DATA SUPPLIED:
******************************
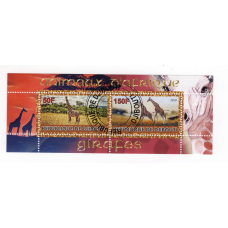 Djibouti 2010. Жирафа.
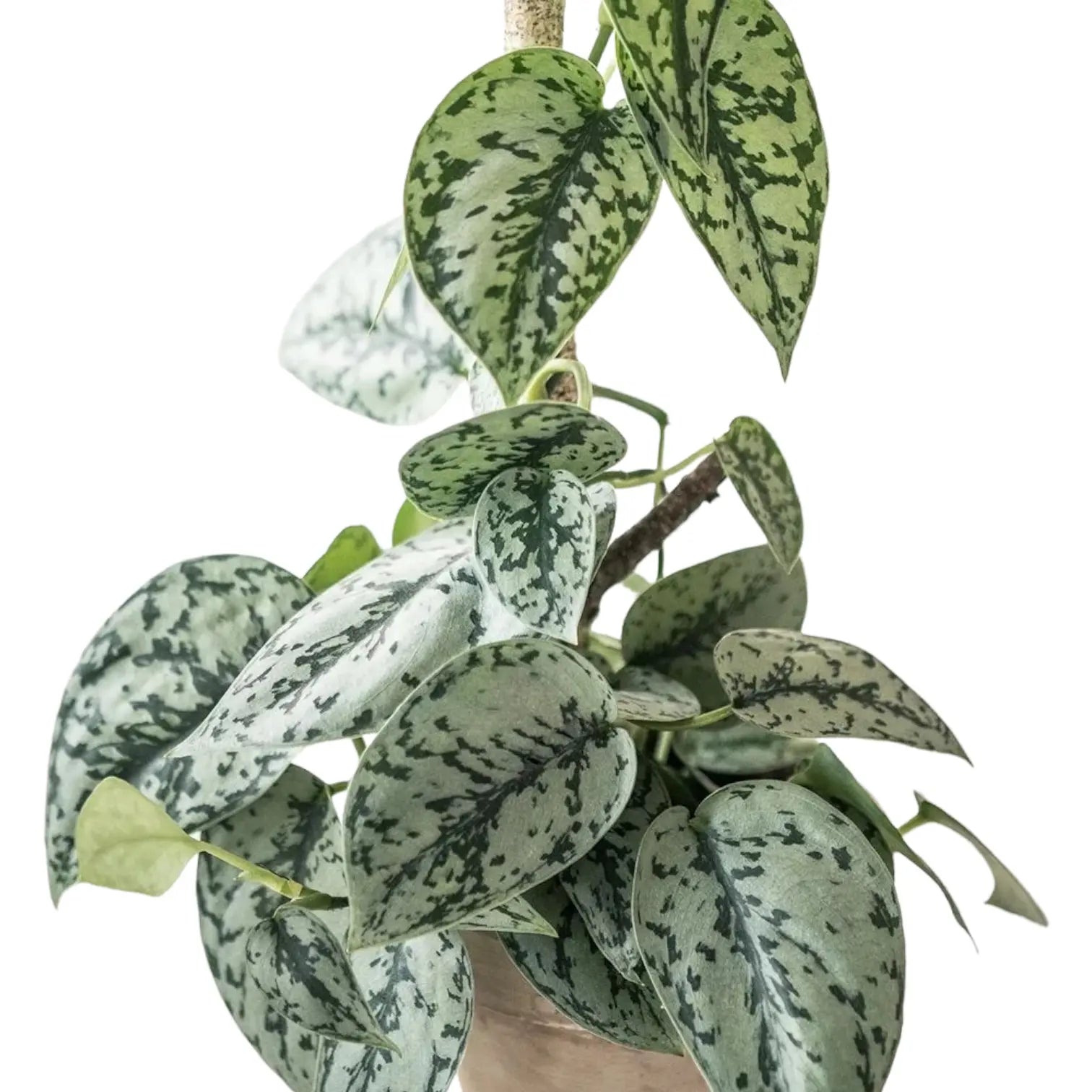 Buy Scindapsus Pictus (Silver Lady) | Soiled Buy Scindapsus Pictus (Silver Lady) | Soiled
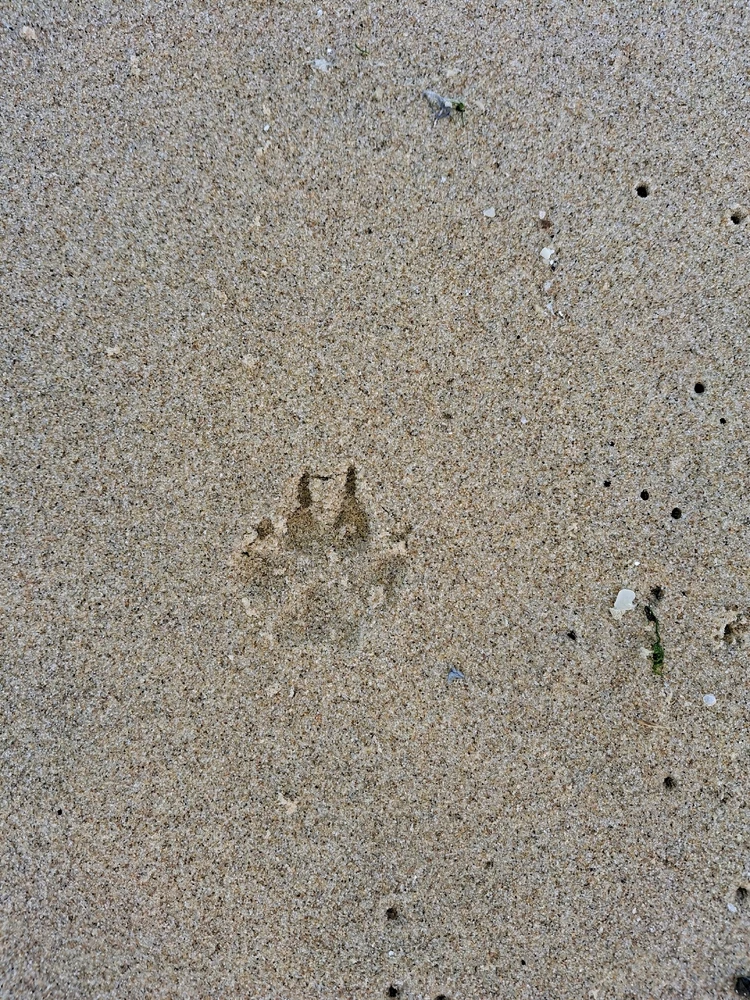 Afbeelding geüpload door Xenia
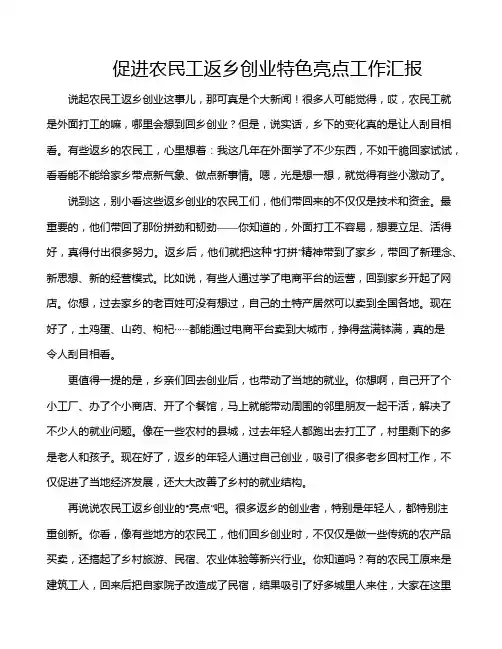 促进农民工返乡创业特色亮点工作汇报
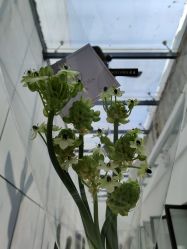 -无界瑜伽普拉提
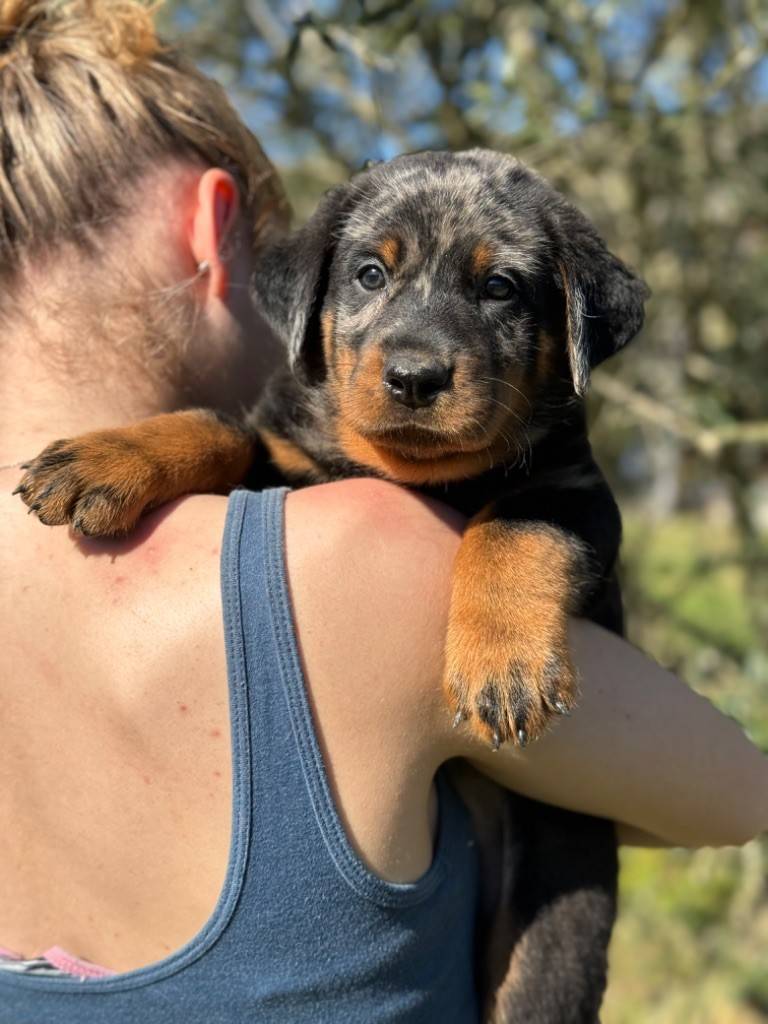 Chiots beaucerons Lof sixième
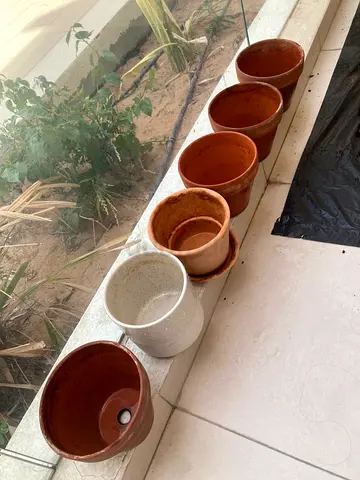 Urgent - assorted ceramic and terracotta plant pots — good used condition with garden accessories.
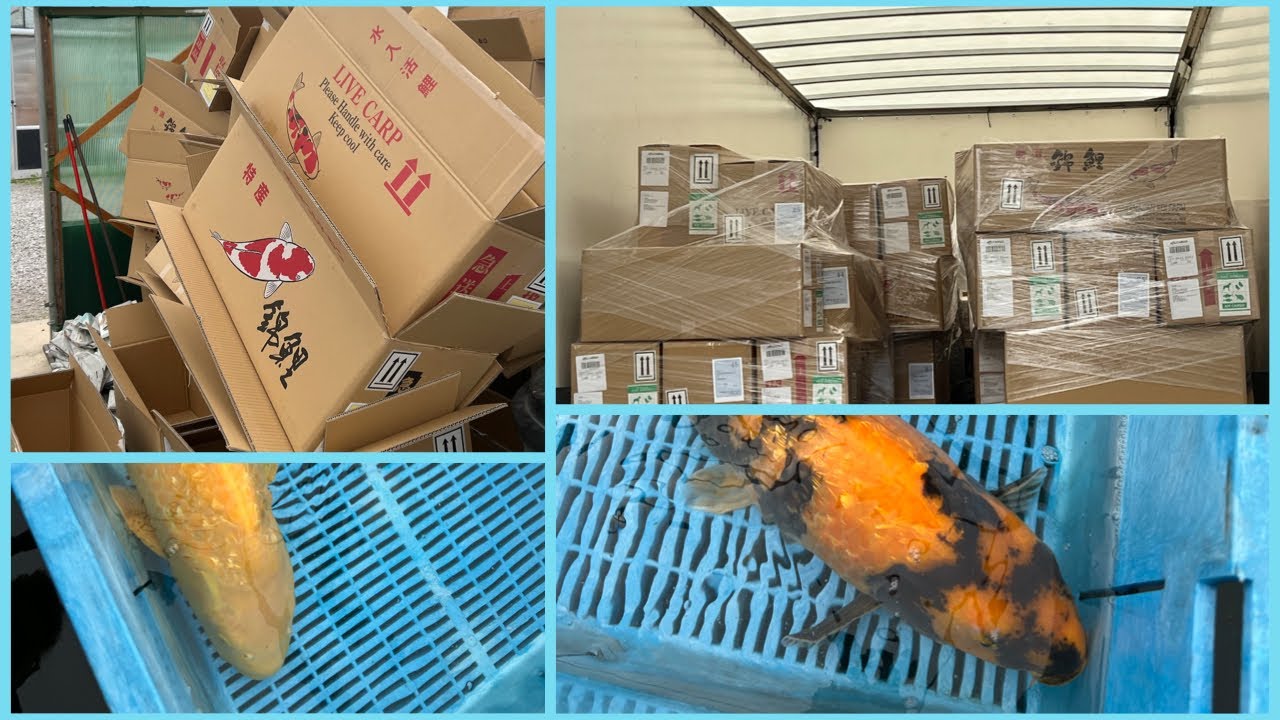 MAY 2022 SHIPMENT. - A LOOK AT THE NEW KOI!!
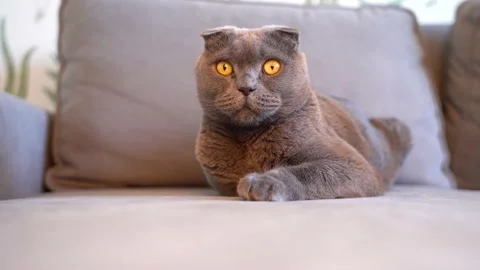 Playful gray cat Scottish on sofa Stock Footage 147929477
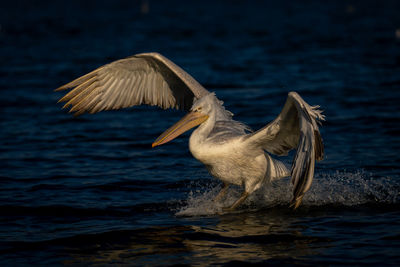 Bird flying over lake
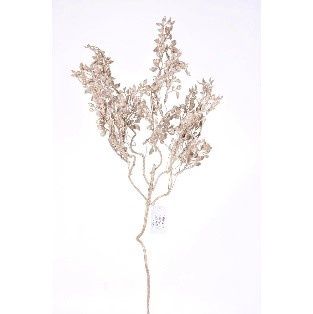 SPRAY, GLT BOXWOOD 31"TAUPE CHAMP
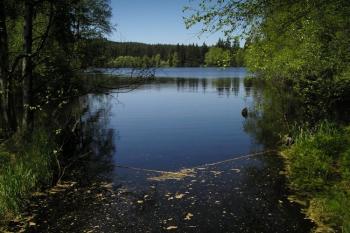 Kladský rybník (© Daniela Endrštová, 6/2006)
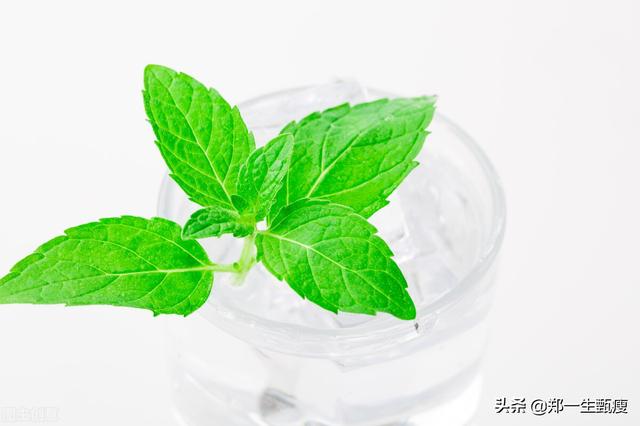 最简单减肥水（可以减肥的水你听过嘛）(4)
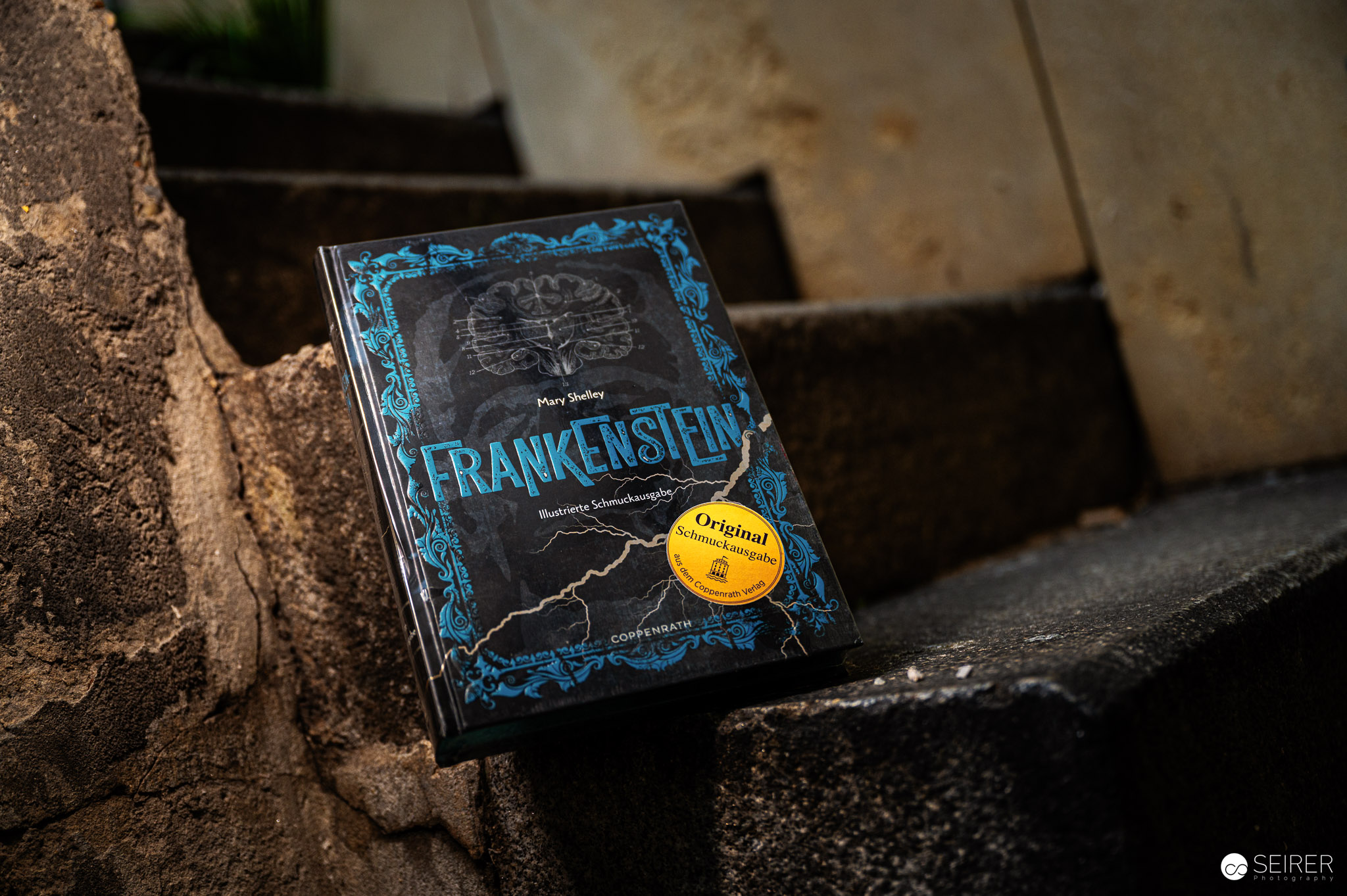 Mary Shelleys: Frankenstein oder Der moderne Prometheus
******************************
BRIEF: Could you give again precisely the lines from the one containing "Afbeelding geüpload door Xenia" through the final line of the material above, both included, and no others, dropping the pictures?

YOUR RESPONSE:
 Afbeelding geüpload door Xenia
 促进农民工返乡创业特色亮点工作汇报
 -无界瑜伽普拉提
 Chiots beaucerons Lof sixième
 Urgent - assorted ceramic and terracotta plant pots — good used condition with garden accessories.
 MAY 2022 SHIPMENT. - A LOOK AT THE NEW KOI!!
 Playful gray cat Scottish on sofa Stock Footage 147929477
 Bird flying over lake
 SPRAY, GLT BOXWOOD 31"TAUPE CHAMP
 Kladský rybník (© Daniela Endrštová, 6/2006)
 最简单减肥水（可以减肥的水你听过嘛）(4)
 Mary Shelleys: Frankenstein oder Der moderne Prometheus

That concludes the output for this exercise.